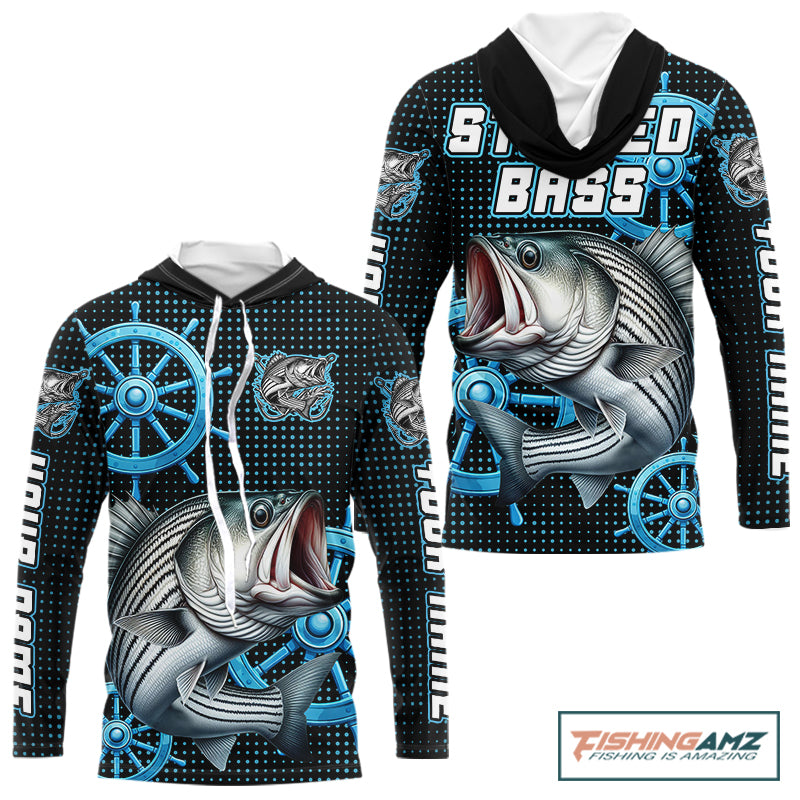 Personalized Striped Bass Fishing Jerseys, Bass Performance Hooded Fishing Shirt Custom Name NHT501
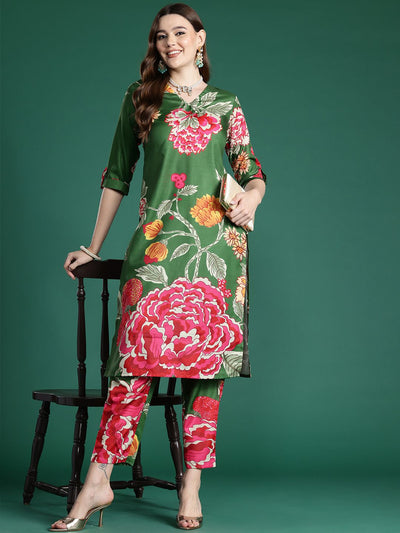 Dhiyona IE Floral Printed Kurta with Trousers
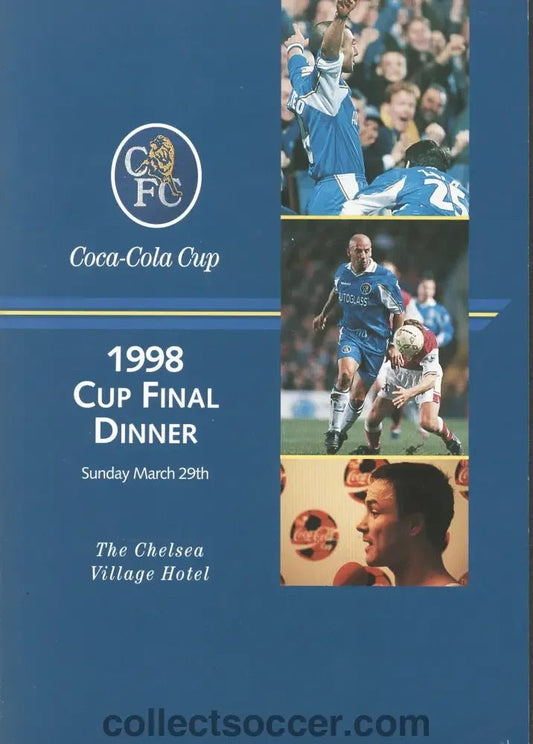 1998 Chelsea League Cup Final Winners Menu - Collect Soccer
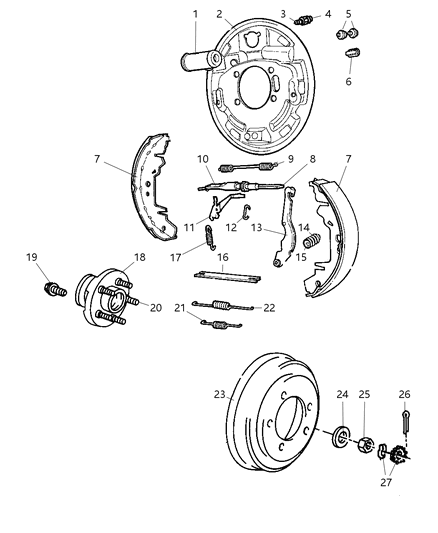 2015 Dodge Charger Drum Brake Diagram for 4877263AG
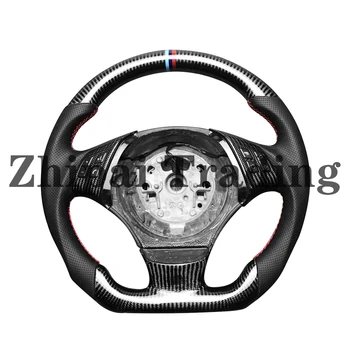

Carbon fiber sreering wheel Perforated leather with button For BMW E90 assembly Without shifter paddles Without airbag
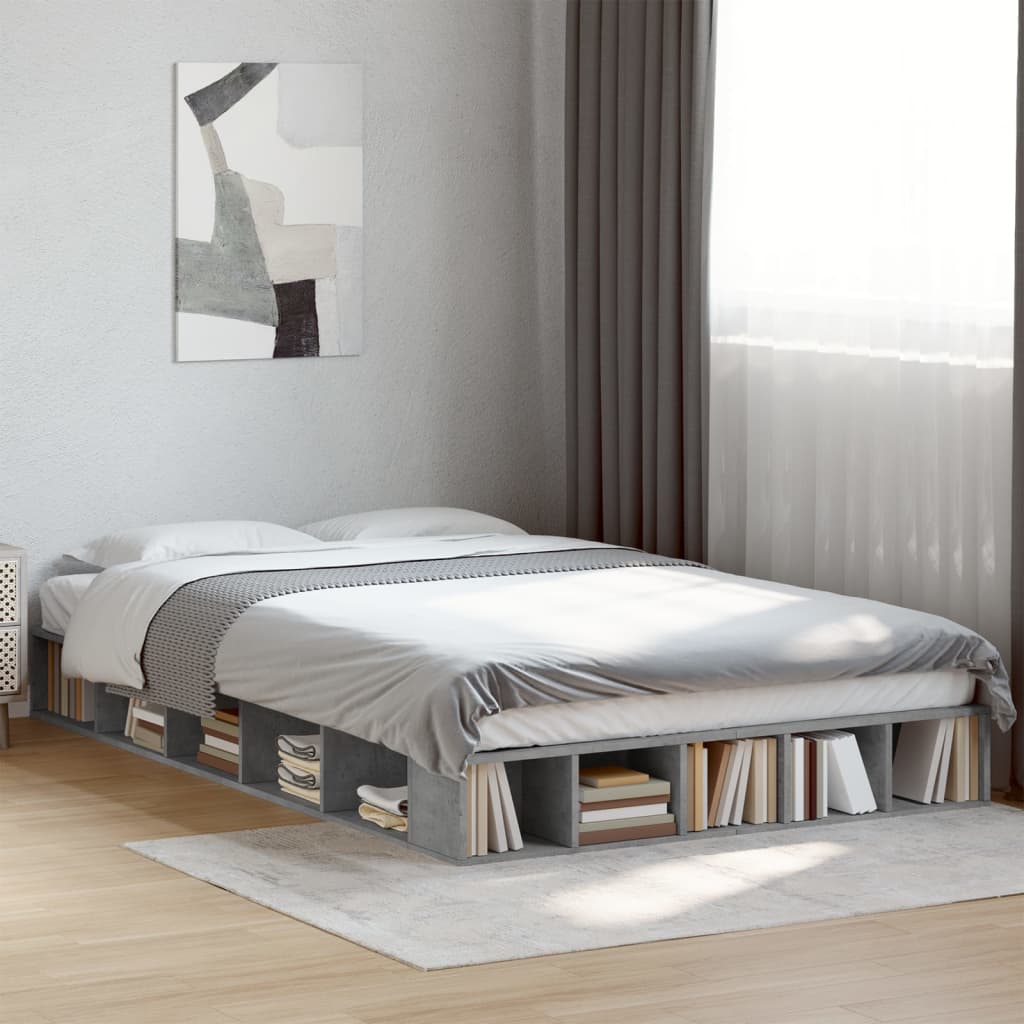Okvir kreveta boja betona 135 x 190 cm od konstruiranog drva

------------------------------

• TASK PROMPT: Copy word for word the span of the records above that begins at the line with "Dhiyona IE Floral" and ends at the line with "Carbon fiber sreering", including those two lines but not the pictures.

• WRITTEN REPLY:
 Dhiyona IE Floral Printed Kurta with Trousers
 1998 Chelsea League Cup Final Winners Menu - Collect Soccer
 2015 Dodge Charger Drum Brake Diagram for 4877263AG

Carbon fiber sreering wheel Perforated leather with button For BMW E90 assembly Without shifter paddles Without airbag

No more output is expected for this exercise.